Give back, word for word, only the lines from the one containing "스트라이프 셔츠 원피스" to the end of the listing below.

* _Material provided_:
+===+
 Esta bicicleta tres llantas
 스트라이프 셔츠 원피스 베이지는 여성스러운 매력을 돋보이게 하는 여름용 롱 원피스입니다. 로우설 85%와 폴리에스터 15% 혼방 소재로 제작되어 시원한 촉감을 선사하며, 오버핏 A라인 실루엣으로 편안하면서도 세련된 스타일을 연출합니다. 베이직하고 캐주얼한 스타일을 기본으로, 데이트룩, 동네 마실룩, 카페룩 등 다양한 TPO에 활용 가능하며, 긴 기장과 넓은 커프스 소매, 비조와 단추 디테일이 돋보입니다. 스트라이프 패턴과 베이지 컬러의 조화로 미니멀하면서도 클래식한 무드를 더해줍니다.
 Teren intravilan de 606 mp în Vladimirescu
+===+
* _Response below_:
 스트라이프 셔츠 원피스 베이지는 여성스러운 매력을 돋보이게 하는 여름용 롱 원피스입니다. 로우설 85%와 폴리에스터 15% 혼방 소재로 제작되어 시원한 촉감을 선사하며, 오버핏 A라인 실루엣으로 편안하면서도 세련된 스타일을 연출합니다. 베이직하고 캐주얼한 스타일을 기본으로, 데이트룩, 동네 마실룩, 카페룩 등 다양한 TPO에 활용 가능하며, 긴 기장과 넓은 커프스 소매, 비조와 단추 디테일이 돋보입니다. 스트라이프 패턴과 베이지 컬러의 조화로 미니멀하면서도 클래식한 무드를 더해줍니다.
 Teren intravilan de 606 mp în Vladimirescu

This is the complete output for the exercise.